Mamá dice que Bruno se fue al
cielo. Y el abuelo señala hacia arriba con el dedo índice que tiembla mientras
se seca los ojos. Pero yo no me lo creo. Su nave espacial está en un rincón del
jardín, junto a su casita y los demás juguetes. ¿Cómo si no iba a llegar al
cielo sin ella? Imposible. Por eso me he puesto a atar cabos hasta dar en el
clavo. Porque sólo había algo que nos hacía a los dos cagarnos de miedo aún más
que los relámpagos o las abducciones extraterrestres. Era la silueta imaginaria
de ese hombre encorvado del que el abuelo y mamá tanto hablaban. “Se lleva a
los que andan solos por la calle” nos advirtió un día el abuelo al llegar más
tarde de la hora. Y es eso lo que estoy a punto de hacer esta noche, embutido en
mi ridículo disfraz de esqueleto. Es parte de mi plan para traerle a casa.
Le he dicho a mis amigos que iba
a mear, que ya los alcanzaría. De eso ya hace un rato. Ahora camino solo,
alejado del repicar de los caramelos en las bocas y la explosión de las risas
de otros, cuya única preocupación es darle un susto de muerte al vecino. La
noche se ha puesto fría y lluviosa, como en los cuentos de miedo. He vaciado
los bolsillos de esas estúpidas chucherías para llenarlo de piedras. Nunca se
sabe. Camino con paso de soldado, pero sin rumbo fijo. Sin querer me dirijo a
la fuente, en medio de la plaza, donde siempre jugamos y que ahora está vacía. Me
siento en los escalones que me elevan a unos dos metros del suelo, coronando la
plaza. ¿y ahora qué? Silencio. Sólo interrumpido por el viento que sopla
susurrándome al oído, como haría mamá, que me marche. Y la Oscuridad acallada
por la luz amarillenta de cuatro farolas. De pronto el grito de una sombra emborrona
la estampa de la plaza. Me remuevo inquieto. Me levanto. Trato en vano de esconderme.

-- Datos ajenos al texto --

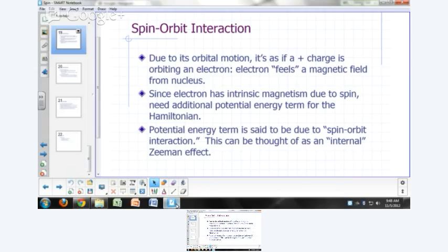Since the electron itself has an intrinsic magnetism due to its spin, depending on how the electron's spin is aligned with the magnetic field it seems to be feeling from the nucleus, that could affect its potential energy. So we have to add one more term to our Hamiltonian — a term due to the potential energy of the interaction of the spin and orbital motion. This is spin-orbit coupling.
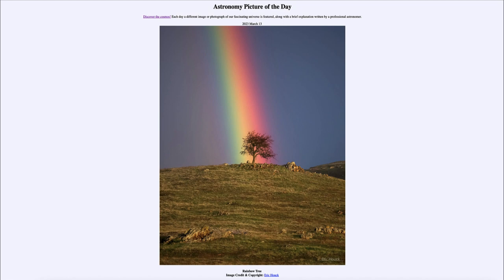The rainbow here, at least part of it, is stretching up above. Now, a rainbow will actually form a full circle, however that's difficult to see on earth because our horizon gets in the way. If you've ever had the chance to see a rainbow from up above in the atmosphere, say from an airplane, you will see that a rainbow does form a complete circle.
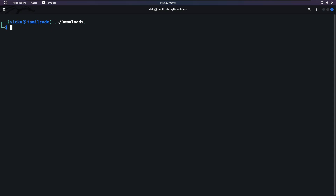If you install Debian files, you will use the dpkg command. dpkg only supports Debian OS. Kali Linux, Parrot, and Ubuntu are examples of Debian-based operating systems. So if you are on a Debian-based OS, you can use dpkg to install packages.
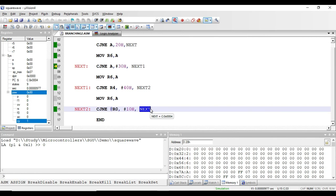This covers some of the conditional branching instructions present in the 8051. In the next video we'll see more branching instructions. For more information you can log on to the website given in the description of this video.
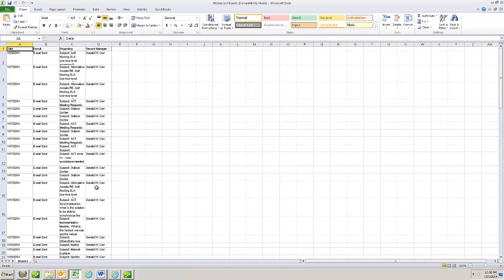And boom, there that information is in Excel. Now, again, I could have included any field from any of those four or five tables that you saw earlier. So I could include fields from the contact table, from the history table, from the groups table. It seemed like there was one other table. Maybe the notes table. I'm not sure.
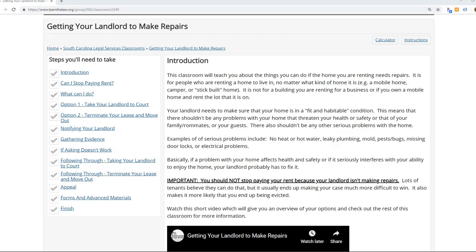Another thing on the LearnTheLaw platform is that anybody can take what others have done and make it their own, which is a nice feature. It was a great process overall. Because it's been so well received in our communities and testing has gone well, we have applied for another TIG grant to expand it. Right now we're also creating disaster relief classrooms and animated videos using some disaster relief funding, so we've been able to keep going with another project.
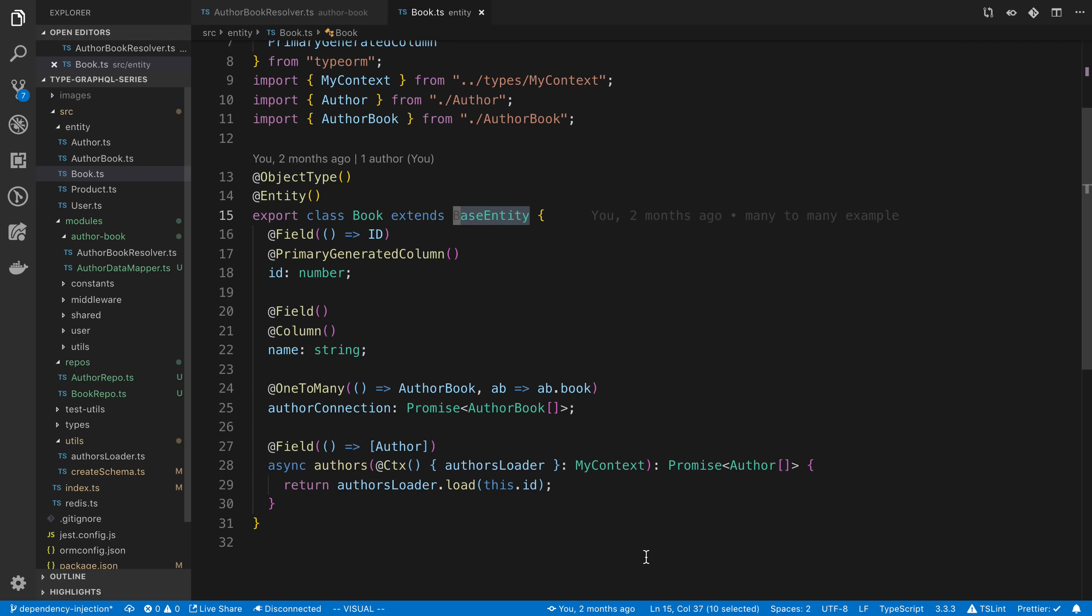So we're going to be going over how you can use dependency injection with TypeGraphQL, and we're going to be using an example that includes TypeORM for this. Now before we get into the how of it, we're going to look at a use case and why dependency injection is useful with TypeGraphQL and TypeORM.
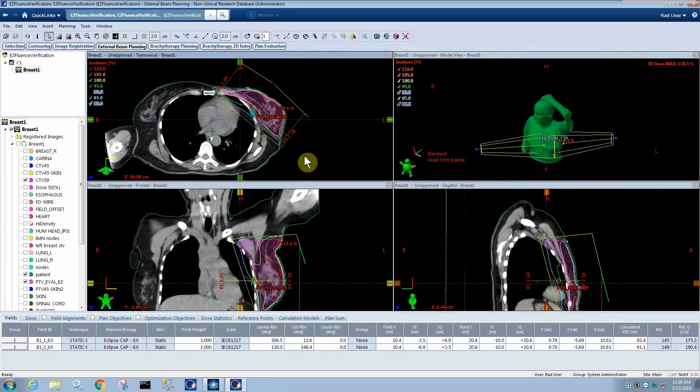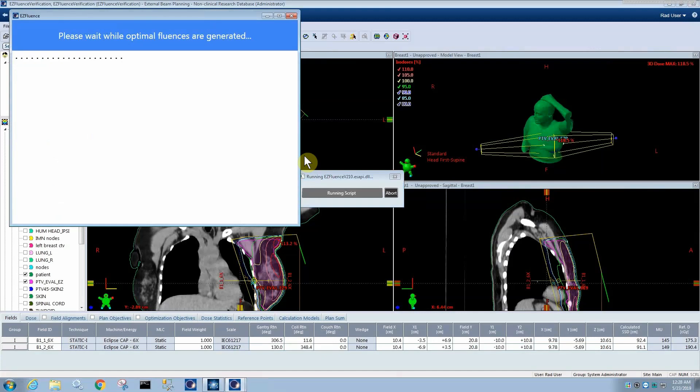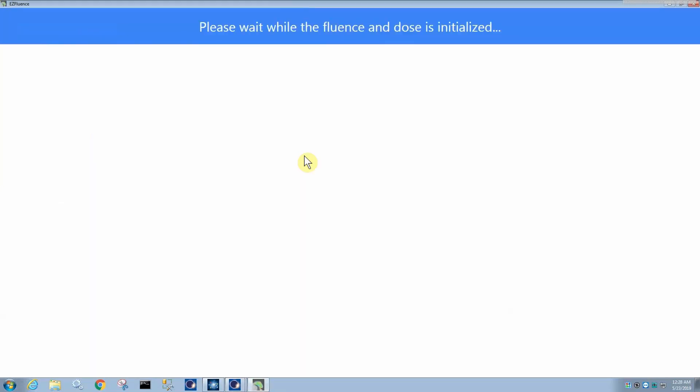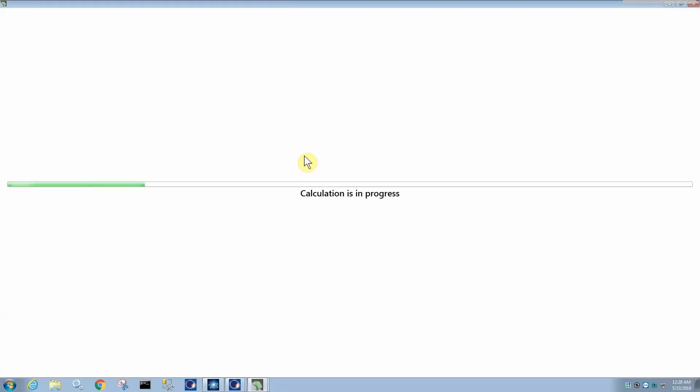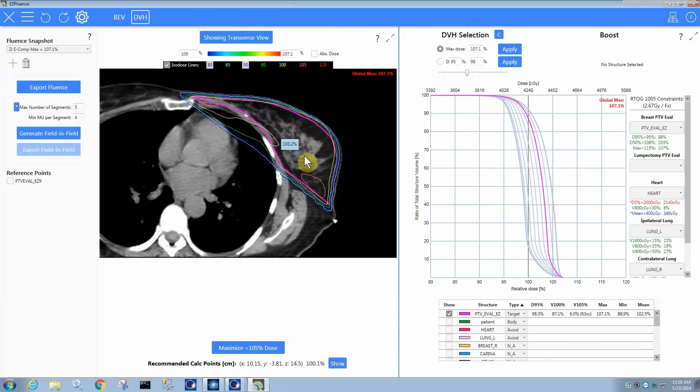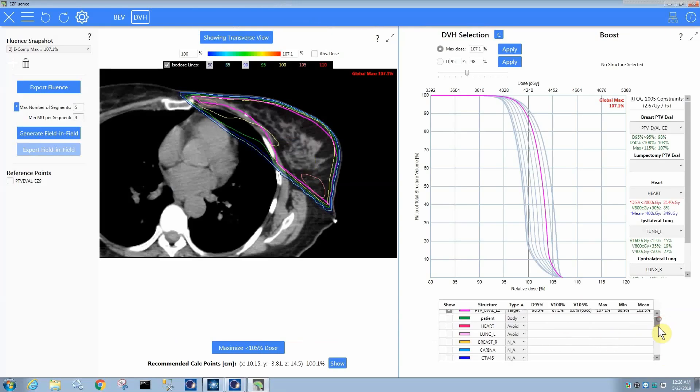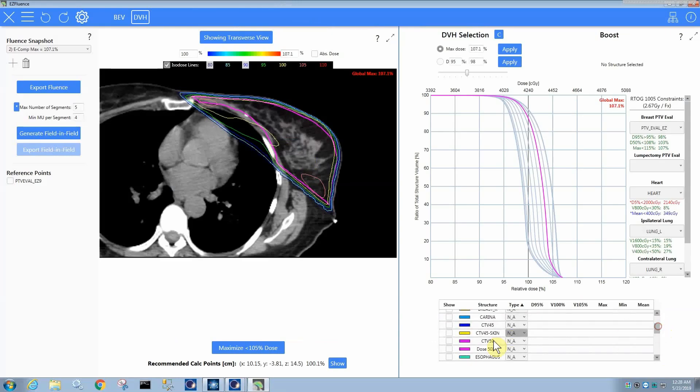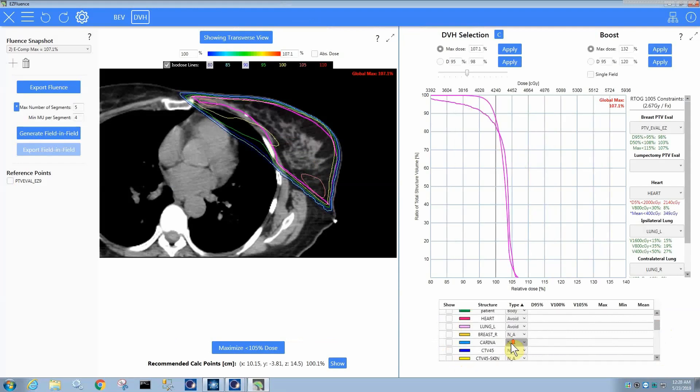EasyFluence version 2 has the ability to boost structures. So what we can do when we run EasyFluence... So now we have a structure called CTV59 that we want to give an integrated boost to.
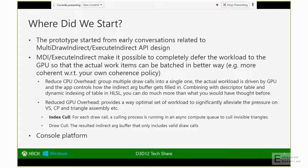For example, you can cull out all the invisible triangles at a very fine granularity — that's what we call index culling. In addition, when we fill the Execute Indirect argument buffer, we can further cull out invalid draw calls, which refers to draw calls without any visible triangles associated. This talk focuses on index culling as a prototype, and on console platforms you have even more flexibility in terms of the indirect argument buffer or command buffer you can execute from.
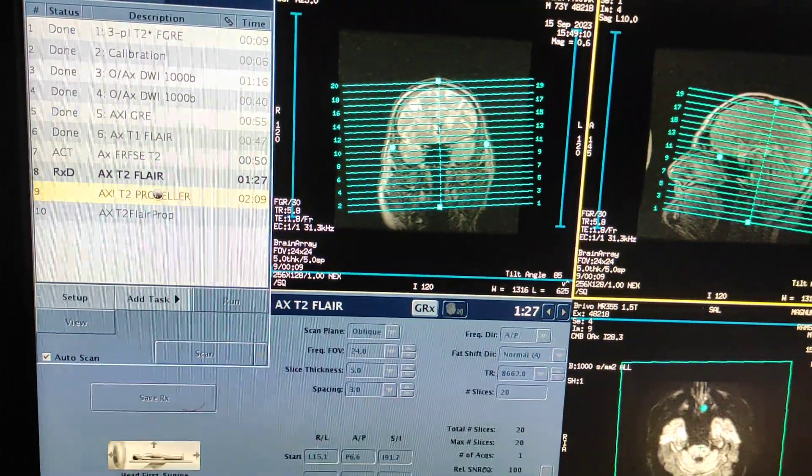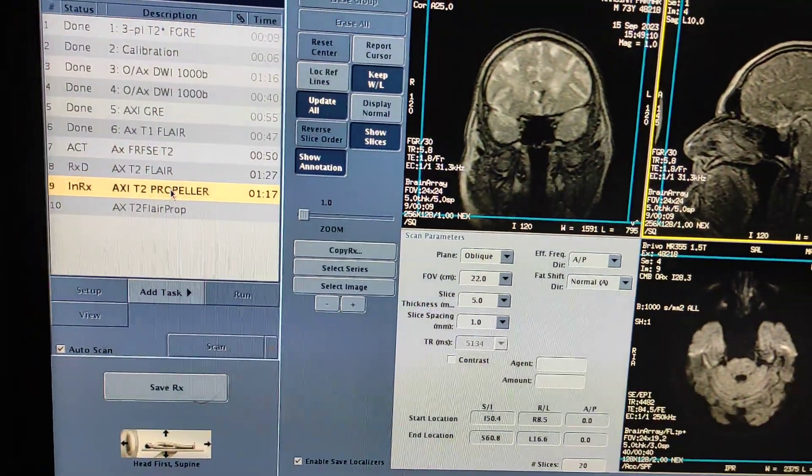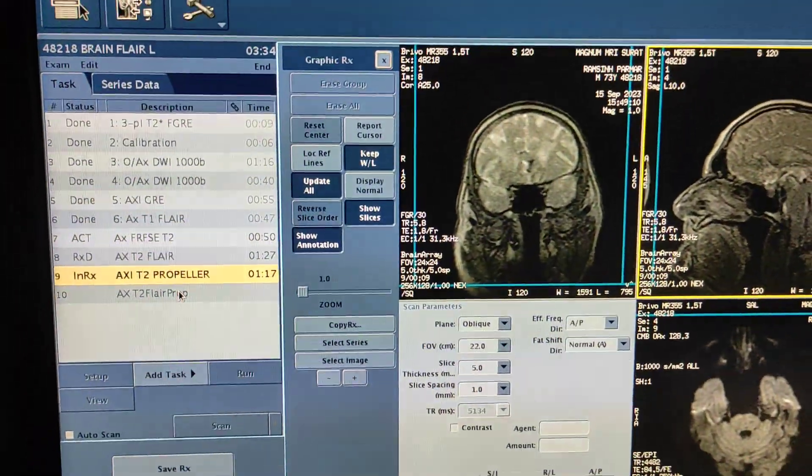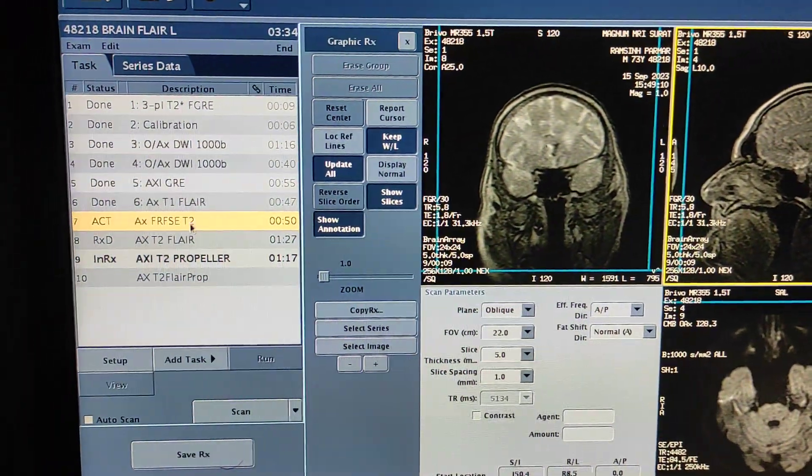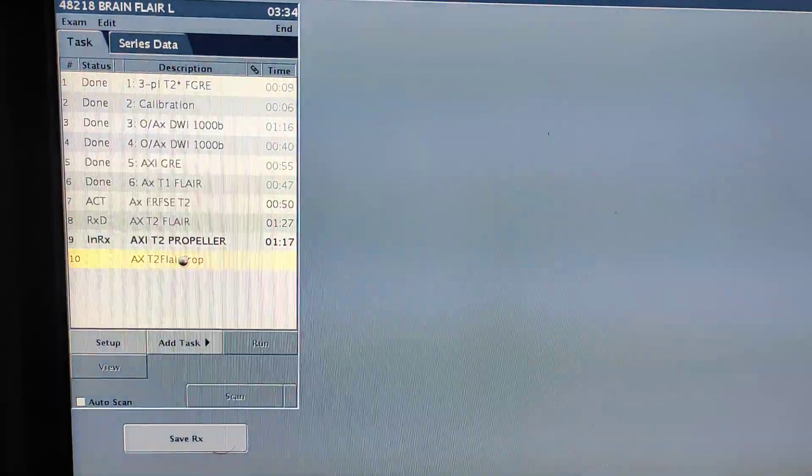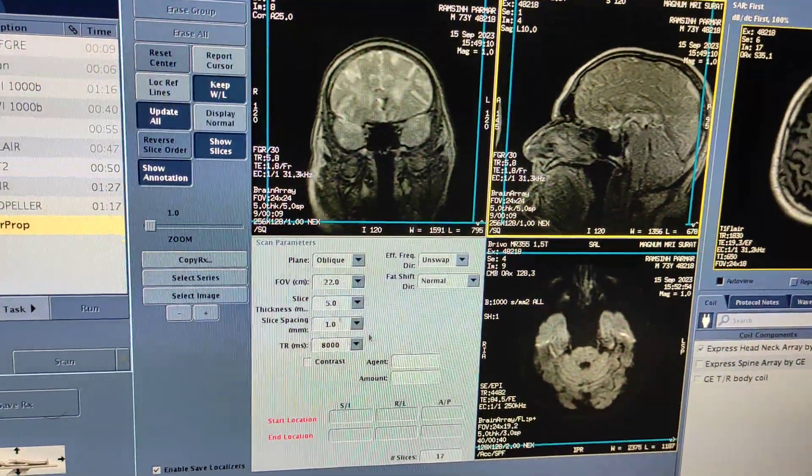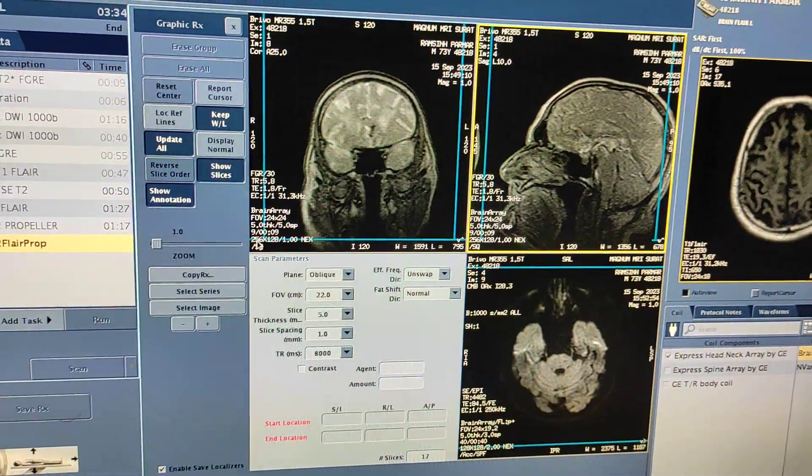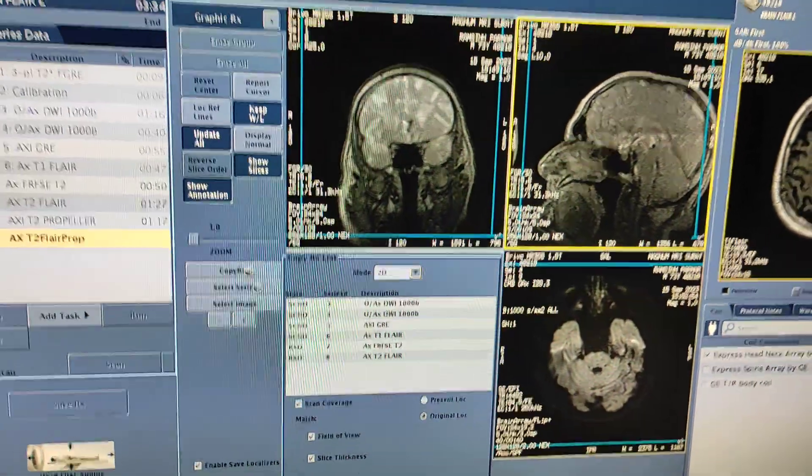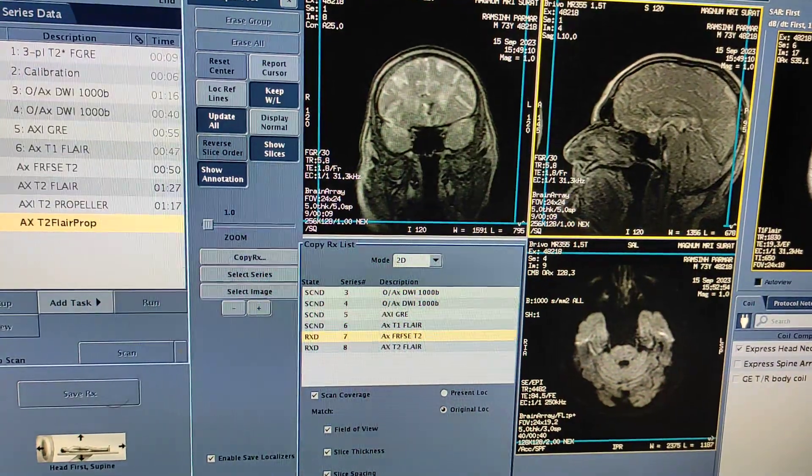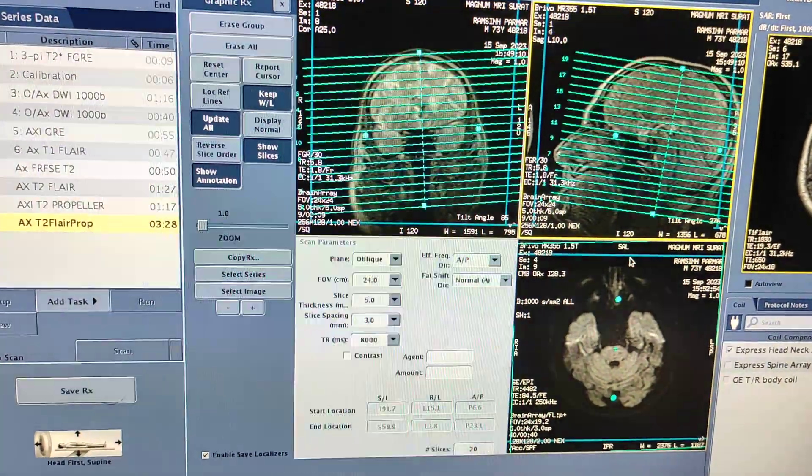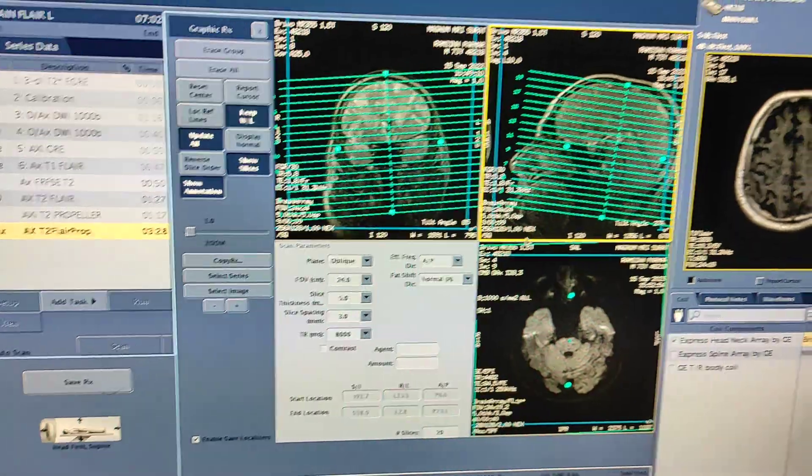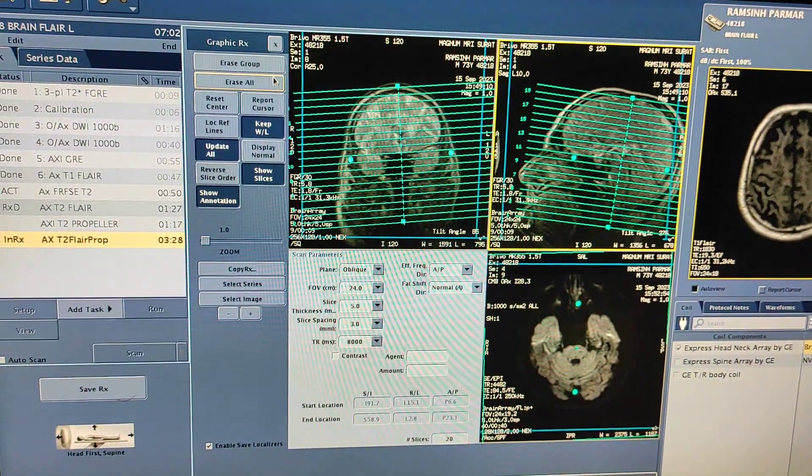I'm taking propeller scan for T2 as well as FLAIR. I have already planned the routine sequence. I will open the propeller sequence, double click to open. This interface will open. Now you simply click on copy to copy with the previous same sequence, so the same plan will be ready.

Pero ya me ha visto y viene hacia mí. La luz va poco a poco dejando atrás su
sombra: la de un hombre encorvado que porta un pesado fardo y se apoya en su
bastón. Mi pulso se acelera. Quiero echar a correr, pero como sucede en mis
sueños, mis piernas no responden. Mi mano derecha se cuela en el bolsillo y
agarra una piedra. Sigue acercándose a golpe de bastón y ya distingo su rostro decrépito
enmarcado por una espesa barba blanca. De pronto se detiene a mitad de camino,
y a mi se me corta la respiración. Deposita el saco en el suelo con el cuidado
de quien transporta un ser viviente. Luego levanta la cabeza y me lanza una
amplia sonrisa de joker. Siento que se me hiela la sangre. Aún así saco fuerzas
para ejecutar el plan y cumplir así mi misión. “¿Dónde está Bruno?” grito
desafiante. Silencio. El viejo no responde, en su lugar abre el saco y por unos
instantes sus largas uñas acarician el contenido ante mi estupefacción. Luego
agarra un puñado en sus grandes manos y me ofrece dicho contenido: “¿quieres
castañas, chico?”. Avanzo hacia él aun creyendo ser víctima de una trampa. Pero
sus castañas resultan ser reales. Siento alivio y desilusión. Me despido de él y
vacío las piedras de los bolsillos por el camino.
De vuelta a casa pregunto una vez más donde está Bruno. Entonces mamá me abraza muy fuerte y me confiesa que los perros no van al cielo.